Basal Slip in Laves Phases: the Synchroshear Dislocation
Two different mechanisms have been reported in previous ab initio studies to describe basal slip in complex intermetallic Laves phases: synchroshear and undulating slip. To date, no clear answer has been given on which is the energetically favourable mechanism and whether either of them could effectively propagate as a dislocation. Using classical atomistic simulations supported by ab initio calculations, we remove the ambiguity and shows that the two mechanisms are, in fact, identical. Furthermore, we establish synchroshear as the mechanism for propagating dislocations within the basal plane in Laves phases.
Fig. 1: Minimum energy path of the crystallographic shear and synchrosher in C14 Mg2Ca bulk Lave phase.

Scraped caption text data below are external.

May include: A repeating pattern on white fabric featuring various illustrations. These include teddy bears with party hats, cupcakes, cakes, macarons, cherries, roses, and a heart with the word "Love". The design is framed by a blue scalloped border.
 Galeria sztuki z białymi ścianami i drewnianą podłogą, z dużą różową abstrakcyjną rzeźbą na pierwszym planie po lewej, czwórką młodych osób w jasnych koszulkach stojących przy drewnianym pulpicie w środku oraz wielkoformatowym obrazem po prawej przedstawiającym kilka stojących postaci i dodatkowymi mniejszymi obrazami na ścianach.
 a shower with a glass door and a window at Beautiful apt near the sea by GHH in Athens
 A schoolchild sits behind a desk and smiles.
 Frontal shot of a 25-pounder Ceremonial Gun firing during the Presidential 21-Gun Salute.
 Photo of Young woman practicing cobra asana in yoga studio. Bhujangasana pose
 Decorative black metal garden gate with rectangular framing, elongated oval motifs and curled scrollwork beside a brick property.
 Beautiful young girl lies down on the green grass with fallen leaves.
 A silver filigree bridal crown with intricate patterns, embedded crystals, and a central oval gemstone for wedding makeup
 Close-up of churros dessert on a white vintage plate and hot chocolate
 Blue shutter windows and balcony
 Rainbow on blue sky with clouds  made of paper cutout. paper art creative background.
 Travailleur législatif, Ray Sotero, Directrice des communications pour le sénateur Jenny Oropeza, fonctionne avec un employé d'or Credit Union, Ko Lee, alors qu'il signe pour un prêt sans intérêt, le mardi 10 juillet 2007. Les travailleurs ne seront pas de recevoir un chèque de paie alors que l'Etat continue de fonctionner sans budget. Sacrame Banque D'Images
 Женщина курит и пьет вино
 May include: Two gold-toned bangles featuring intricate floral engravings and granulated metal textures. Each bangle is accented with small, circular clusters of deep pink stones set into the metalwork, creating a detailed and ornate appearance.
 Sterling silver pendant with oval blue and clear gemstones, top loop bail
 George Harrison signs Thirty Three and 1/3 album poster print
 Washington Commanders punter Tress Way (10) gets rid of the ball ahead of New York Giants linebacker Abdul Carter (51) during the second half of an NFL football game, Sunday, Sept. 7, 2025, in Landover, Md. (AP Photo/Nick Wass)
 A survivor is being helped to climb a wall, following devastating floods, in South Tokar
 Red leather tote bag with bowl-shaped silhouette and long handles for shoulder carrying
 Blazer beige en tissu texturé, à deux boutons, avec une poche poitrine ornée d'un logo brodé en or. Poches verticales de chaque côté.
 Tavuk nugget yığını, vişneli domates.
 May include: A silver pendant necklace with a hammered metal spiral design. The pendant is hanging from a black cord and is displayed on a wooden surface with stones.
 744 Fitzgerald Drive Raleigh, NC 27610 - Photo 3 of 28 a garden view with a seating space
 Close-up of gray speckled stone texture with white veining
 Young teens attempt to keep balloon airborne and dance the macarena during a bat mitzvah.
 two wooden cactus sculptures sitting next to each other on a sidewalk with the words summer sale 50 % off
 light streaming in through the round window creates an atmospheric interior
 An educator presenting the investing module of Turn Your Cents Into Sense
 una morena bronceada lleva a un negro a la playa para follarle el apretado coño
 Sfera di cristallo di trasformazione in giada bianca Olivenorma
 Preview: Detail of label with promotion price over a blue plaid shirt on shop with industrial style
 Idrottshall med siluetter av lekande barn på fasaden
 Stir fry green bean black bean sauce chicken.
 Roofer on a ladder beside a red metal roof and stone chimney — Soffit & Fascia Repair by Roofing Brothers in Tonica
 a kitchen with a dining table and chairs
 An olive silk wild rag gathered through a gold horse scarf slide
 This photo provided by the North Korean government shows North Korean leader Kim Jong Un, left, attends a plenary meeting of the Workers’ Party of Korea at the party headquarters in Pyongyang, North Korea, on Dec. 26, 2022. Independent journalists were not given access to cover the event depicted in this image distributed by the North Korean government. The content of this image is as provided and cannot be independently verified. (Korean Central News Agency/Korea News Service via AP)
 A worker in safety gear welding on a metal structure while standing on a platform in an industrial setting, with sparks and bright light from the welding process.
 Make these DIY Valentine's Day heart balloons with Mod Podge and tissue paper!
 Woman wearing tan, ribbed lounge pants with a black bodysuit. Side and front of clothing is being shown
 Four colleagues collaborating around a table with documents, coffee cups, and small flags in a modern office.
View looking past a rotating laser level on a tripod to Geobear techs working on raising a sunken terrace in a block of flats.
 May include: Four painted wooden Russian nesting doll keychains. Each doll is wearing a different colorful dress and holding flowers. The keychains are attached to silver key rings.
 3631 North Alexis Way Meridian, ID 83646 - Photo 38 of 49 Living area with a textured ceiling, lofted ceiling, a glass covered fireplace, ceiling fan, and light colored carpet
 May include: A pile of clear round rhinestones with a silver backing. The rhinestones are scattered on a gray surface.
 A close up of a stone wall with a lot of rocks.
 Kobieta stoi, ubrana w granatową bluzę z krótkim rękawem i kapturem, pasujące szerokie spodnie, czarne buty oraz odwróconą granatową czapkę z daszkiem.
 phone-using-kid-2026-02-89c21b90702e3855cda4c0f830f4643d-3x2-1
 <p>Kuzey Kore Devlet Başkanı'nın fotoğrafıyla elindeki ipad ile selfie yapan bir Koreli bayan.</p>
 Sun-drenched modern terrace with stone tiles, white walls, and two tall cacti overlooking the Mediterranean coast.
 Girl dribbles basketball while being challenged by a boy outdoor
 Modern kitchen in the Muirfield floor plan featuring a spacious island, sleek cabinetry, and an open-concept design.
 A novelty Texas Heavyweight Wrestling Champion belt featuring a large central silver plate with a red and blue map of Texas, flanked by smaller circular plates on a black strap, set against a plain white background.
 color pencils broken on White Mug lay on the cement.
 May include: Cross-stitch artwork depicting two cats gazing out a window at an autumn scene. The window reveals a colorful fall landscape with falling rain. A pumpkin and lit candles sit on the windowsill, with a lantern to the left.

Dislocation propagation in a C14 Mg2Ca nano-pillar by synchroshear mechanism.
[From Guénolé et al., under review, arXiv:1902.01646]
Basal Dislocations Interacting with Complex Precipitates in Mg Alloys
The mechanical properties of Mg-Al alloys are greatly influenced by the complex intermetallic phase Mg17Al12, which is the most dominant precipitate found in this alloy system. In this work, we perform atomistic studies of basal edge and 30 degrees dislocations interacting with Mg17Al12 precipitates of different sizes (D), shapes, orientations, and inter-precipitate spacing (L).
The present observations might be more generally relevant for dislocations interacting with semi- or incoherent precipitates.
Fig. 2: Stress field of a dislocation at the Mg-Mg17Al12 interface and in the Mg matrix.
[From Vaid, Guénolé et al., under review]